Your answer should be the lines below from the one with "The Legend of" to the one with "Gel au poivre", both included, given again exactly and with nothing added.

Exercise material
▽
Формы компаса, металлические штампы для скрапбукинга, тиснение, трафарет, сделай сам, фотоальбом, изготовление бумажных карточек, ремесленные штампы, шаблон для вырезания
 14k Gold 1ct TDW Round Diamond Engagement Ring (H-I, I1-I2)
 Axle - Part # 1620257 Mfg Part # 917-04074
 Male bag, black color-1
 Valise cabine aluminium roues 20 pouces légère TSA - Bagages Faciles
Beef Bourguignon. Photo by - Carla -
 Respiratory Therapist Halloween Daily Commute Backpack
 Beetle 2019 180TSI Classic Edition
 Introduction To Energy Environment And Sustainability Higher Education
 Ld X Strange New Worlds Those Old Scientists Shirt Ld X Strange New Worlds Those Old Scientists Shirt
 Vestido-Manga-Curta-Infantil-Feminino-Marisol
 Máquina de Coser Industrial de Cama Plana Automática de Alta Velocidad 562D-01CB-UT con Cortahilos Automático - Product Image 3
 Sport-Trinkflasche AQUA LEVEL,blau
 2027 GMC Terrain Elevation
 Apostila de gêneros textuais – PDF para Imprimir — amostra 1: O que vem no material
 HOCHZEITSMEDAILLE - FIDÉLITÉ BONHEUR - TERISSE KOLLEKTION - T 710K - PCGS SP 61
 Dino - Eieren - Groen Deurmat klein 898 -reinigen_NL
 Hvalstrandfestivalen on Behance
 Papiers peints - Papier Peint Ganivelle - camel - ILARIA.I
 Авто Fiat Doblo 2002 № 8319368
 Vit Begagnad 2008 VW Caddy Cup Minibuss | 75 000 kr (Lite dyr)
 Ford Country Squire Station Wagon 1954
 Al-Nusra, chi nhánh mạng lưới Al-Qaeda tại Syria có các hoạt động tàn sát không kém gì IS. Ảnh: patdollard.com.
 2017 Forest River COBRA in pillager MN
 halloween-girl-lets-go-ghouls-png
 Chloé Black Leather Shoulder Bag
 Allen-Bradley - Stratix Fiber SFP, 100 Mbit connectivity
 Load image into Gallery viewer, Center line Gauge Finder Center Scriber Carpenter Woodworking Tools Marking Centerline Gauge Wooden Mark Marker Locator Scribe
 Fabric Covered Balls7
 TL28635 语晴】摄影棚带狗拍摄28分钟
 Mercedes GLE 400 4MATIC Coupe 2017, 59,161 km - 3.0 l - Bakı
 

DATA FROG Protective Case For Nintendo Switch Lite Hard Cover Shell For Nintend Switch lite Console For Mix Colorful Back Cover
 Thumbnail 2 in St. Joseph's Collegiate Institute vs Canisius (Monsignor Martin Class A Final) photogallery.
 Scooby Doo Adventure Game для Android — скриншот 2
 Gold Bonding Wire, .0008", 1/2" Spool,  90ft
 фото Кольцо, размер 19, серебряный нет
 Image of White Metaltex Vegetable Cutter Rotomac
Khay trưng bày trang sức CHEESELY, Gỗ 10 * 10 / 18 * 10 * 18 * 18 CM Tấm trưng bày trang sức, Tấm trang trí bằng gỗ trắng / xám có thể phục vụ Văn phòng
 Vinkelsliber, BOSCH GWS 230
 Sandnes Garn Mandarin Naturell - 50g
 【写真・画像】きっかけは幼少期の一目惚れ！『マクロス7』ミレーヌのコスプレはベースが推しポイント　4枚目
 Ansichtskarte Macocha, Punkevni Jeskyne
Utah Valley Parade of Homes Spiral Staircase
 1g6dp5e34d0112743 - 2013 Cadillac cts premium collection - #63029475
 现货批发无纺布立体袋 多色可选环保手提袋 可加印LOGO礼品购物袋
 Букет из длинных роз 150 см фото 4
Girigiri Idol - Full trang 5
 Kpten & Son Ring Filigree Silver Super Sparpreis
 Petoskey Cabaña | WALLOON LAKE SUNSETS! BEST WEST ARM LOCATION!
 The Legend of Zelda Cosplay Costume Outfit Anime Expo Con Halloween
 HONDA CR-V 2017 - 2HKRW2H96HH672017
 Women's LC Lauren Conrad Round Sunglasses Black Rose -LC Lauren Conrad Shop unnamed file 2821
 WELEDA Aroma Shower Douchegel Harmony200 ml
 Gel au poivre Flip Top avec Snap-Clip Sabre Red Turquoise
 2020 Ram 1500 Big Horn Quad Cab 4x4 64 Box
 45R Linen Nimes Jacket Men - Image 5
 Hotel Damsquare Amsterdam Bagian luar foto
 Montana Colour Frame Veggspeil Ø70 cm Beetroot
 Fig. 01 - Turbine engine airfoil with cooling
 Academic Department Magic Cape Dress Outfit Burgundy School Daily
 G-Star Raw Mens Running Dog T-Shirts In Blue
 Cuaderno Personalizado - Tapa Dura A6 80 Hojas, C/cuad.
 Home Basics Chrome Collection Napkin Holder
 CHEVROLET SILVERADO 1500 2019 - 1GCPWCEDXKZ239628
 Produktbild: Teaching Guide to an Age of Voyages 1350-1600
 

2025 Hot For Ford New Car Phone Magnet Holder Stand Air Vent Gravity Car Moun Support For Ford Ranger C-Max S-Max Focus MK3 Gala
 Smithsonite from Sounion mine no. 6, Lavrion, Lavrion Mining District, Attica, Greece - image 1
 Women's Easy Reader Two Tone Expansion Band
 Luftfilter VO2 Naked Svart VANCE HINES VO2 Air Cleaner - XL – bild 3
△
Written solution
 The Legend of Zelda Cosplay Costume Outfit Anime Expo Con Halloween
 HONDA CR-V 2017 - 2HKRW2H96HH672017
 Women's LC Lauren Conrad Round Sunglasses Black Rose -LC Lauren Conrad Shop unnamed file 2821
 WELEDA Aroma Shower Douchegel Harmony200 ml
 Gel au poivre Flip Top avec Snap-Clip Sabre Red Turquoise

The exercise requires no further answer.